### EXERCISE GOAL
Exactly the lines from the one containing "[Olivia Jewelry]CLOVER MEDIUM" through the end of the listing below are required, restated word for word and without pictures.

### AVAILABLE DATA
---*---
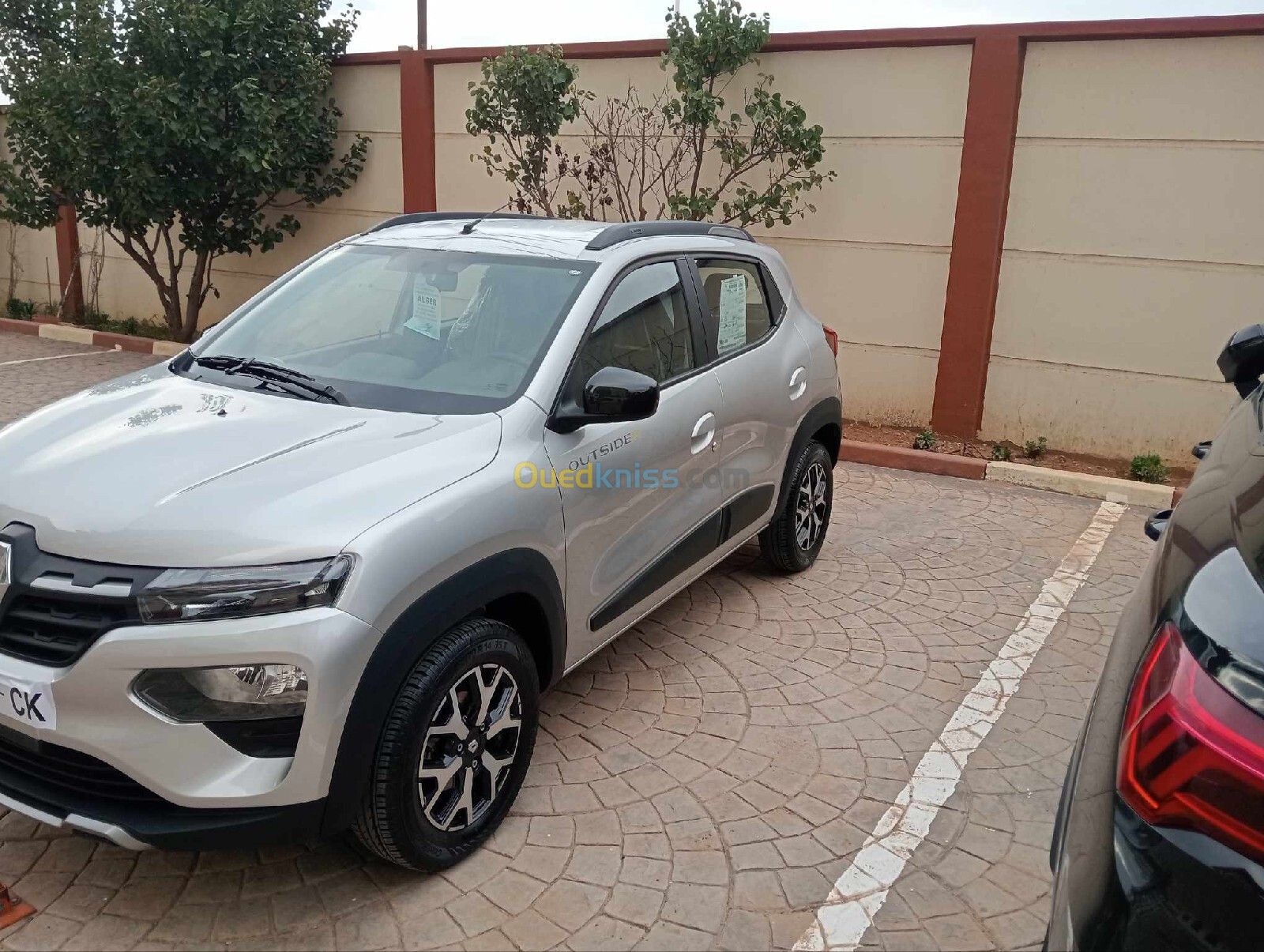 Renault Kwid 2024 Outside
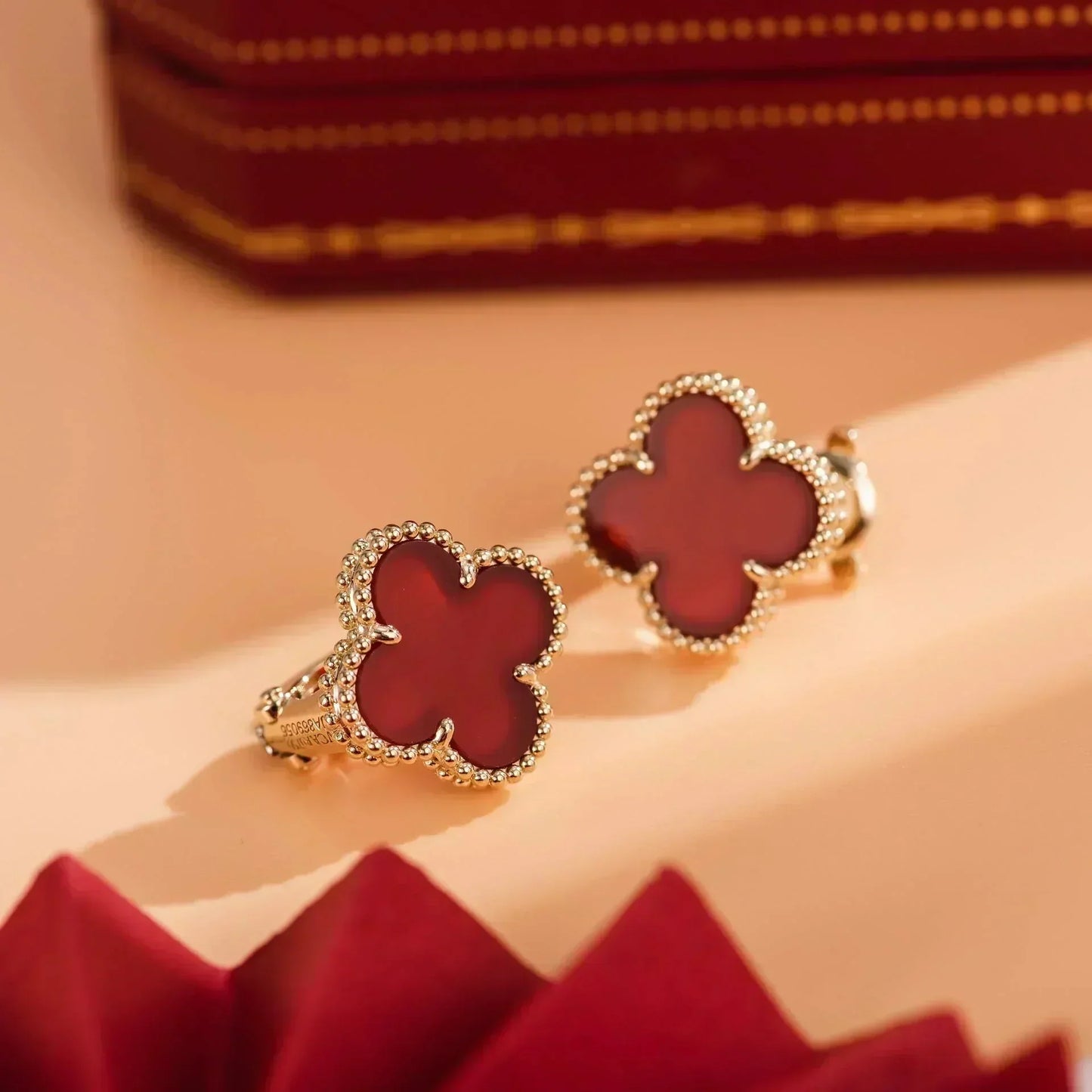[Olivia Jewelry]CLOVER MEDIUM 1 MOTIFS CARNELIAN  EARRINGS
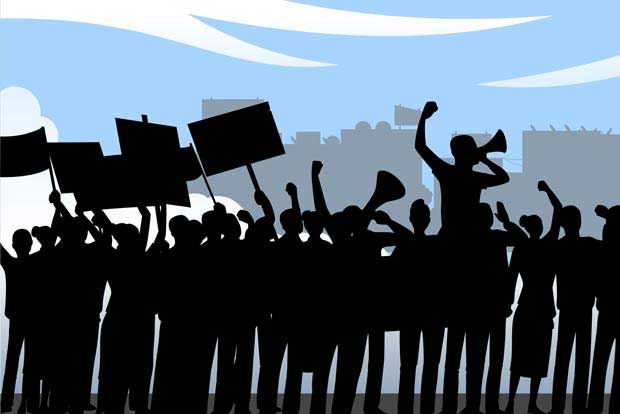 Tension in PU as students raise pro, anti CAA slogans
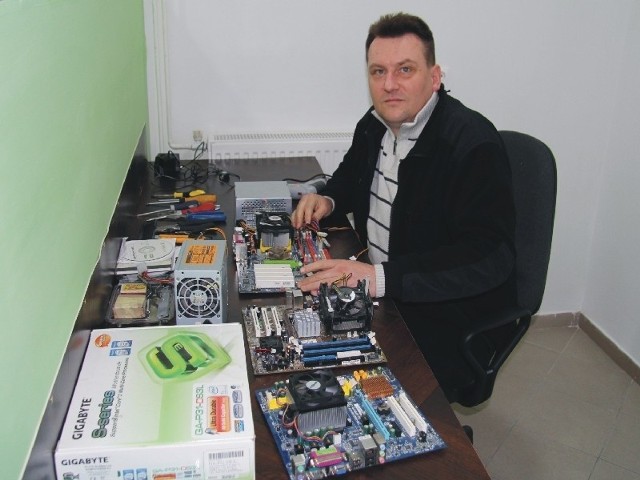 Marek Niedźwiecki wielokrotnie był w USA. Nigdy jednak nie zdecydował się na dłuższy pobyt. W Przemyślu prowadzi firmę komputerową.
---*---
### RESPONSE FOR THIS EXERCISE
[Olivia Jewelry]CLOVER MEDIUM 1 MOTIFS CARNELIAN  EARRINGS
 Tension in PU as students raise pro, anti CAA slogans
 Marek Niedźwiecki wielokrotnie był w USA. Nigdy jednak nie zdecydował się na dłuższy pobyt. W Przemyślu prowadzi firmę komputerową.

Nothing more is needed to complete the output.